NIC BOTHMA/EPA-EFE/SHUTTERSTOCK
Monday, July 22, 2019
A $10 M. Gift for the Worcester Art Museum
The Worcester Art Museum in Massachusetts has received a $10 million donation from the C. Jean & Myles McDonough Charitable Foundation, the largest single donation in the institution’s history. In 2015, the foundation gave the museum a $4 million endowment gift for its directorship. Matthias Waschek, WAM’s director, said in a statement that the gift “reflects Jean’s lifelong devotion to the museum, which she describes as her second home. For years, she served as a forward-thinking trustee and as a docent extraordinaire, who introduced thousands of school children to the museum collection.”
CAPC Musée d’Art Contemporain Bordeaux Gets New Director
The CAPC Musée d’Art Contemporarin Bordeaux in France has picked Sandra Patron as its new director. Patron is currently the director of the Museum of Contemporary Art in Sérignan, France, and she will start in her new position in September.
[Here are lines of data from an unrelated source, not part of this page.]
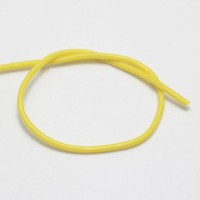 Провод силиконовый 28AWG (0,08 кв.мм) желтый, 2м.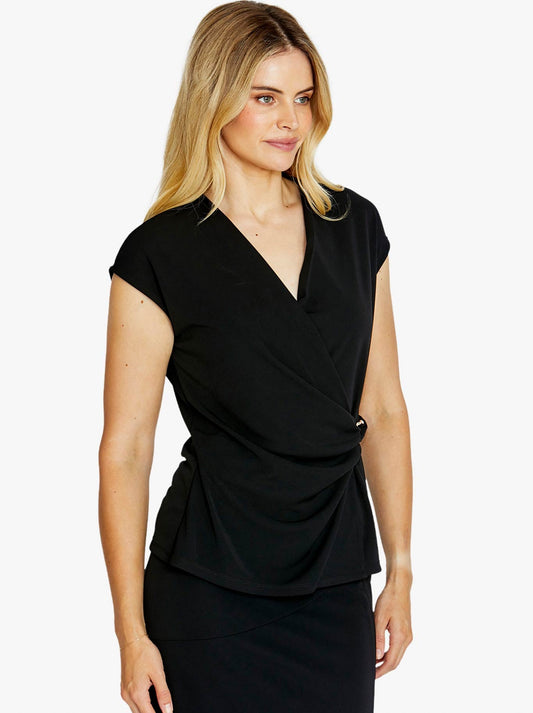 PINGPONG ARLEE WRAP TOP (Black)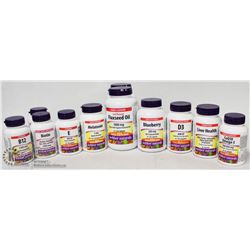 BAG OF ASSORTED WEBBER NATURALS VITAMINS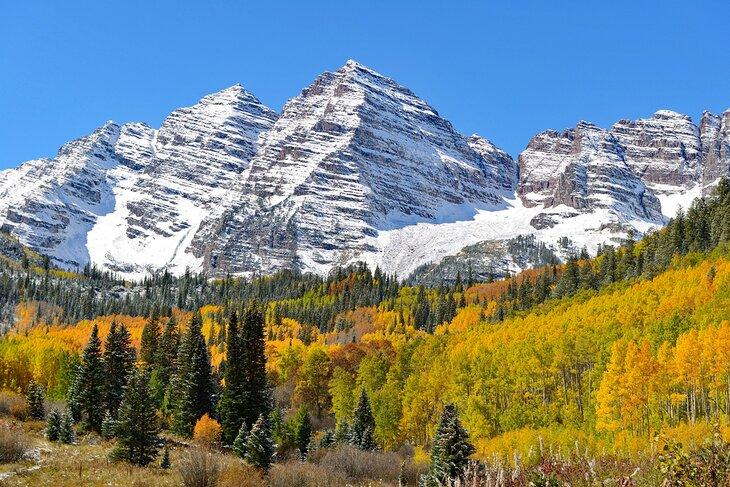 Maroon Bells en otoño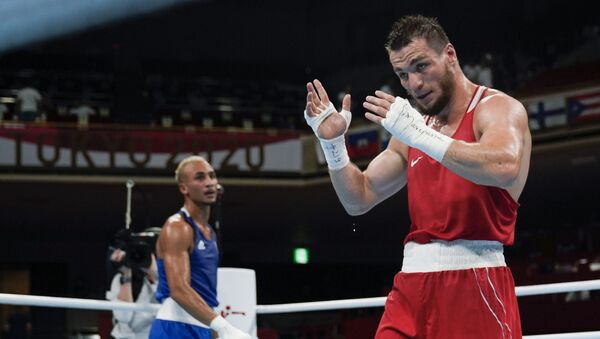 Rus boksör Hatayev, Tokyo Olimpiyatları’nda bronz madalya kazandı - Sputnik Türkiye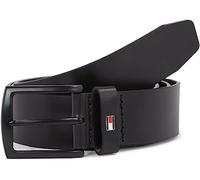 Tommy Hilfiger Herren Gürtel Denton Matte 3,5 cm Ledergürtel, Schwarz (Black), 115 cm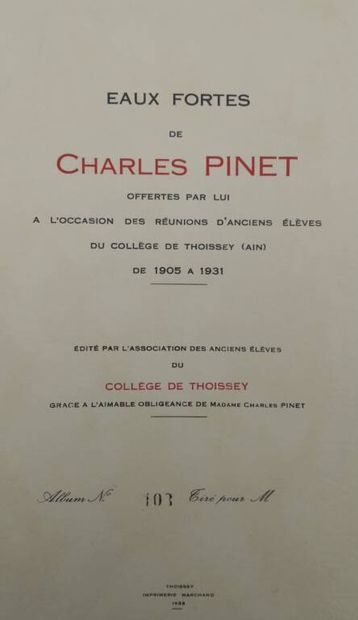 PINET, Charles. Etchings by Charles Pinet...
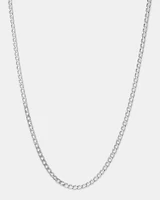 55cm (22") 3mm-3.5mm Width Hollow Curb Chain in 10kt Yellow Gold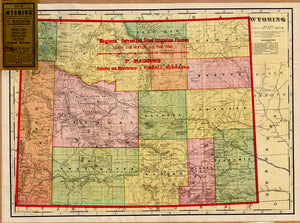 (WY.) Map Of Wyoming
She fills a position that has been open for about a year, after Maria Inés Rodriguez, the museum’s former head, was fired, sparking controversy.
Zeitz MOCAA Makes Two Curatorial Appointments
The Zeitz Museum of Contemporary Art Africa in Cape Town has hired Storm Janse van Rensburg as senior curator and promoted Tandazani Dhlakama to the position of assistant curator. Janse van Rensburg most recently served as head curator of exhibitions at the Savannah College of Art and Design in Georgia, and he has curated shows elsewhere in the United States, South Africa, and Germany. Dhlakama, who joined Zeitz MOCAA in 2017, has worked as education manager at the museum’s Centre for Art Education.